Let’s turn now to magic tricks that aren’t so common. For example, the bête noir of small, two-way, stand-mounted speakers: bass performance. Many small speakers lack both bass quantity and bass quality. Not the 805 D4, which excels in both respects. Indeed, bass is one of this product’s greatest strengths. I’m not saying it plumbs the deepest depths (the speaker is rated down to 42Hz at -3dB), but I am saying that the 805 D4 produces bass to kill for.
The superb low-end performance starts with attacks. They are pinpoint, going from nothing to room-rattling in an instant. You can hear this particularly easily when watching movies. Film sound engineers have become fond of inserting a single, deep “thud” into films right before something calamitous happens. With the 805s, this effect not only has the necessary heft, but it also comes out of nowhere—exactly as the filmmaker intended.
There’s no bass overhang, either. Combine that with spot-on pitch definition, and the result is bass lines that are incredibly easy to follow. Check out Jim Fielder’s work on “Spinning Wheel” from the eponymous Blood Sweat and Tears album (ORG LP). The initial bass line is complex and worth appreciating, both for its own sake and as a perfect counterpoint to the horn and vocal parts. But then, in the song’s middle section, Fielder suddenly shifts style completely. Now he’s riffing on a walking bass line.
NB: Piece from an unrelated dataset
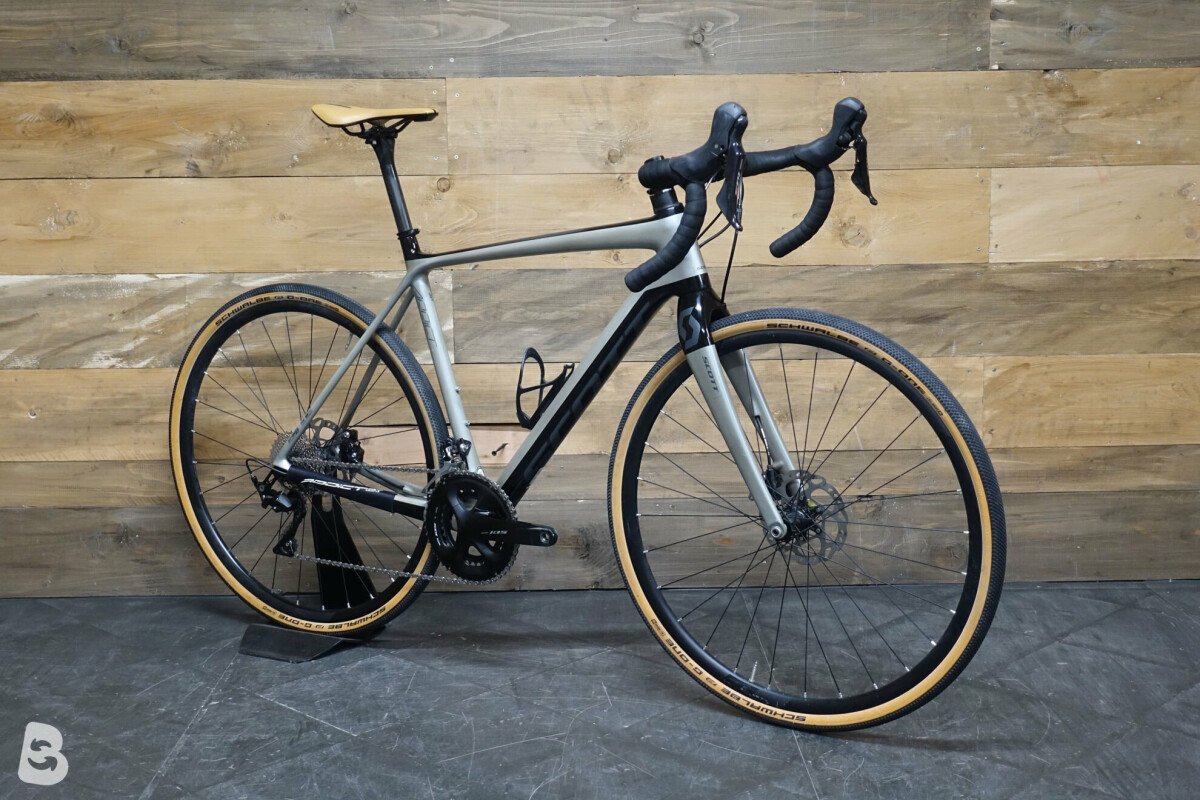 Scott Addict Gravel 30 2019 used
Through the 805 D4, this musically significant event is crystal clear.
You’ll also be hard pressed to find a speaker—of any size—that delivers more sheer bass information than the 805 D4. With this product, no two bass instruments sound alike; rather, each has its own distinctive timbral and transient characteristics. The best high-end speakers offer this level of timbral diversity in the midrange, but many fall short in this regard in the bass. Not so the 805 D4.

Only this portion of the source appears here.